Spoiler: [STEALTH] : "They'll never see it coming."




[Stealth] - (20/100) : You're harder to be caught if you stay still in darkness. Your sneak attack causes less noise than normal for double damage.
[Stealth] - (40/100) : You can blend into places with dim lights without being detected, even in closer range. Your sneak attack won't cause any noise at all, and now does 3 times more damage.
[Stealth] - (60/100) : You can move silently without any penalty of movement speed, being able to get in and out to safety before enemies ever notice you. Your sneak attack now does 4 time more damage.
[Stealth] - (80/100) : You're nimble and quick on your feet, being able to easily make your enemies lose your track. Your sneak attack does 5 times normal damage.
[Stealth] - (100/100) : You're an invisible murderer that move with the wind and have shadow at your back. You've mastered the technique to blend in within your surroundings even in your victims' plain sight, and your sneak attack is now 6 times deadlier than normal.


----------



## TheOneRealPotato (Dec 26, 2016)

Jin-Lust-4-Sin said:


> meanwhile "Tales of Deities" has been dragged on to the point I don't even know anymore...
> now, if you plan to include health, mana, stamina and stats in, though, lemme bring this to ya :
> 
> 
> ...



May I ask, who gave you permission to control someone's roleplay, or give suggestions to such an extent that you think it's certainly going to happen? God, your selfishness isn't limited, is it.


----------



## RileyTheOtter (Dec 26, 2016)

TheOneRealPotato said:


> May I ask, who gave you permission to control someone's roleplay, or give suggestions to such an extent that you think it's certainly going to happen? God, your selfishness isn't limited, is it.

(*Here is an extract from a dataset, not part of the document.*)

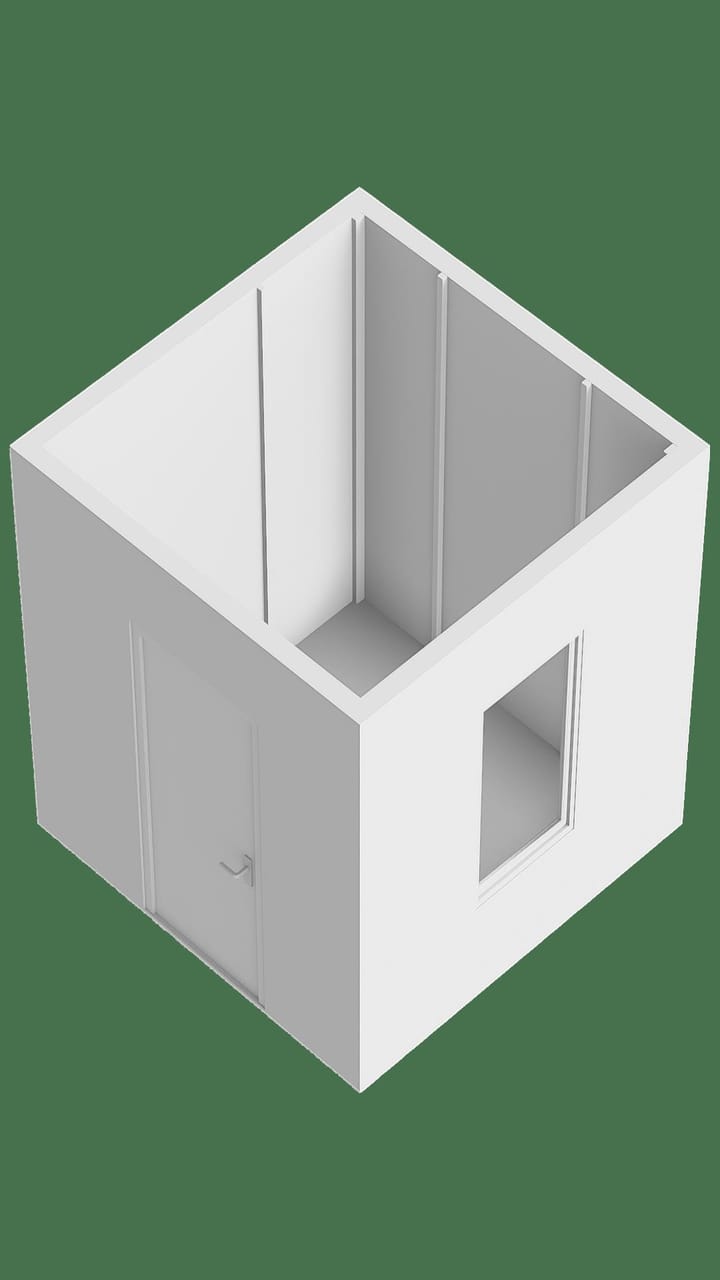 Foto 43 van Minister De Visserstraat 21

Your being an asshole doesn't seem to have a limit. He was making a simple suggestion directly inspired by Oblivion, and yet here you are calling him selfish for making a suggestion on a system that Dragonmaster wants to implement anyway. Get to know people by their real personality before you judge them, not just how they rp.


----------



## TheOneRealPotato (Dec 26, 2016)

Abyssalrider said:


> Your being an asshole doesn't seem to have a limit. He was making a simple suggestion directly inspired by Oblivion, and yet here you are calling him selfish for making a suggestion on a system that Dragonmaster wants to implement anyway. Get to know people by their real personality before you judge them, not just how they rp.


I'm just saying. He constantly makes his characters more powerful than others and expects people to be fine with it, and planning things as if they are certainly going to happen makes him appear as if he thinks everybody would like it or as if he's better than anyone and as if he's saying 'Whatever I say goes'... I can just imagine it...



			
				Jin-Lust-4-Sin said:
			
		

> What ever I say goes! Now...


----------



## RileyTheOtter (Dec 26, 2016)

If you got to know him, you'd learn he's in fact a kind and considerate person. you simply refuse to get that far.


----------



## TheOneRealPotato (Dec 26, 2016)

Anyway, let's get back on topic.

PS. I don't have to like everybody.


----------



## Jin-Lust-4-Sin (Dec 26, 2016)

TheOneRealPotato said:


> Anyway, let's get back on topic.
> 
> PS. I don't have to like everybody.


And not everybody has to agree with you, fella.


----------



## TheOneRealPotato (Dec 26, 2016)

Jin-Lust-4-Sin said:


> And not everybody has to agree with you, fella.


See?

ANYWAY...


----------



## LuciantheHugmage (Dec 28, 2016)

God, I'm late. Stuff turned up.

Please tell me that this squabble is resolved. It looks like it is, but experience tells me that's not always the case.

Anyways, I will be posting more stuff like Schools of Magic within the next day or two. Jin, I will take your suggestions into consideration, however at this point my Skill System is quite simple: HP,MP,SP, Attack, Magic Attack, Defense, Energy Defense, Agility, Intelligence, Wisdom, and Luck. Skill classes are pretty similar to perk trees in Skyrim. I haven't figured them out yet.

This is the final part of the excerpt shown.